Medicine Ball Lying Leg Raise
Medicine Ball Lying Leg Raise is a floor-based core exercise where you lie on your back, clamp a medicine ball between your feet, and raise and lower the straight legs under control. The ball changes the feel of the movement by forcing you to keep the ankles and feet aligned while the abs do the work of lifting and controlling the pelvis. It is a direct way to train lower-abdominal control, hip flexor coordination, and the ability to keep the trunk quiet while the legs move.
The setup matters more here than on a basic leg raise because the ball can shift if your feet are lazy or the movement gets rushed. Lie flat with the head, shoulders, and pelvis settled on the floor, then hold your arms out to the sides for balance. Keep the ball pinched firmly between the feet or ankles, draw the ribs down, and keep the lower back heavy against the floor before the first rep starts.
Each rep should feel like a controlled lift from the lower abs, not a kick or swing from the hips. Raise the legs until the pelvis starts to curl slightly, then stop before the low back loses contact or the ball starts to wobble. Lower slowly to the point where you can still control the trunk and keep the ball secure. The goal is a smooth path up and down with no snapping at the top and no dropping on the way down.
This exercise is useful as accessory core work, a bodyweight-plus-load progression, or a way to challenge trunk control without needing a bench or machine. Beginners can use a lighter medicine ball and a shorter range of motion, while more advanced lifters can slow the lowering phase and keep the legs straighter.

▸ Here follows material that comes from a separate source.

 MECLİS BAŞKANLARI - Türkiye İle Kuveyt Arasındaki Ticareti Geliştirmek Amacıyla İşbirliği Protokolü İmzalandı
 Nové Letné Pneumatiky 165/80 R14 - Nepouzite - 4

If the low back arches, the neck tightens, or the ball starts slipping, shorten the range and clean up the position before adding reps or load.
Instructions
- Lie on your back and place the medicine ball between your feet or ankles so you can clamp it securely.

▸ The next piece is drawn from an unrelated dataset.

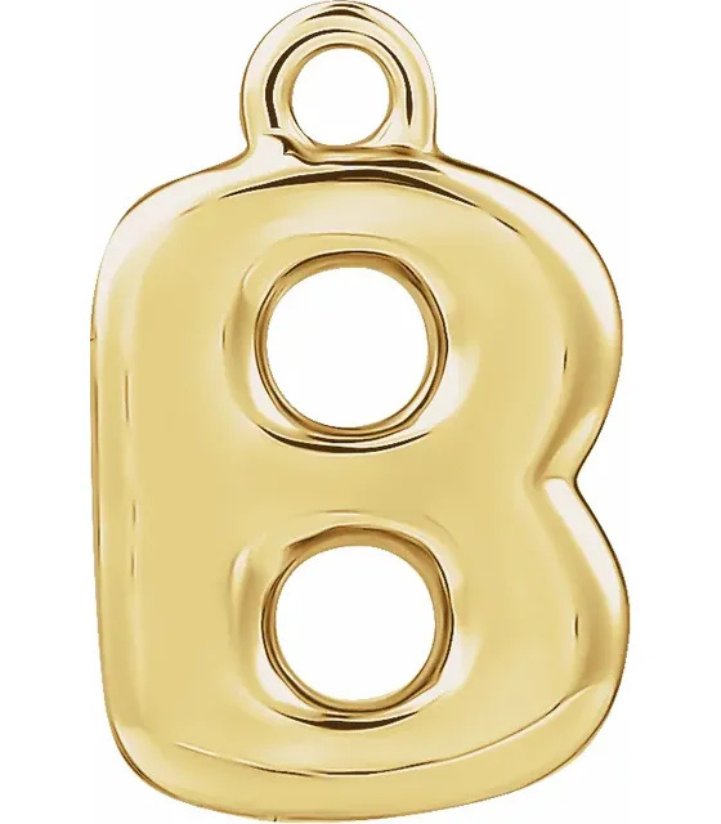 B Bubble Alphabet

- Extend your legs long, spread your arms out on the floor for balance, and keep your palms pressing lightly down.
- Set your ribs down, brace your abs, and flatten your lower back against the floor before lifting.
- Squeeze the ball firmly so it cannot shift as you start the first rep.
- Exhale and raise your straight legs toward the ceiling by curling the pelvis and pulling from the lower abs.
- Keep the knees mostly straight, but do not lock them so hard that your hips take over the movement.
- Lift until the pelvis starts to peel and the ball stays centered over your feet, then pause briefly at the top.
- Inhale and lower the legs slowly until just before your low back wants to arch off the floor.
- Reset the brace after each rep and repeat for the planned number of repetitions.
Tips & Tricks
- Choose a light medicine ball first; if the ball shifts, the load is probably too heavy for strict control.
- Keep the ball clamped with the feet and ankles, not just balanced on the toes.
- Use your arms as outriggers by pressing them into the floor to stop your torso from rocking.
- If your hamstrings cramp, soften the knees slightly instead of forcing a perfectly straight leg.
- Do not chase a huge range of motion; stop the descent the moment your lower back starts to arch.
- Move with a slow lowering phase so the abs stay active instead of letting gravity drop the ball.
- Keep your chin neutral and avoid pushing the head forward, especially on the final few reps.
- If the ball slips even once, reset the foot position before continuing the set.
Frequently Asked Questions
What muscles does the Medicine Ball Lying Leg Raise train most?
It mainly trains the rectus abdominis, with the hip flexors and obliques helping to control the lift and the lowering phase.
Why is the medicine ball held between the feet?
Clamping the ball between the feet or ankles adds a control challenge and keeps the legs working as one unit instead of drifting apart.
Is this harder than a regular lying leg raise?
Usually yes. The ball makes the setup less forgiving, so you have to control both the leg path and the object between the feet.
Can beginners use this exercise?
Yes, but start with a light medicine ball and a shorter range so you can keep the low back flat and the ball secure.
Where should my arms go during the rep?
Keep the arms out to the sides or palms-down on the floor so they can help stabilize the torso without pushing the legs.
What is the most common mistake with this movement?
The biggest mistake is letting the lower back arch while the legs swing down too far, which usually happens when the rep gets rushed.
What should I do if the ball slips?
Stop the set, reset the feet, and use a lighter ball or a smaller range of motion before continuing.
How can I make the exercise more challenging?
Slow the lowering phase, keep the legs straighter, or use a slightly heavier ball only if you can still keep the pelvis controlled.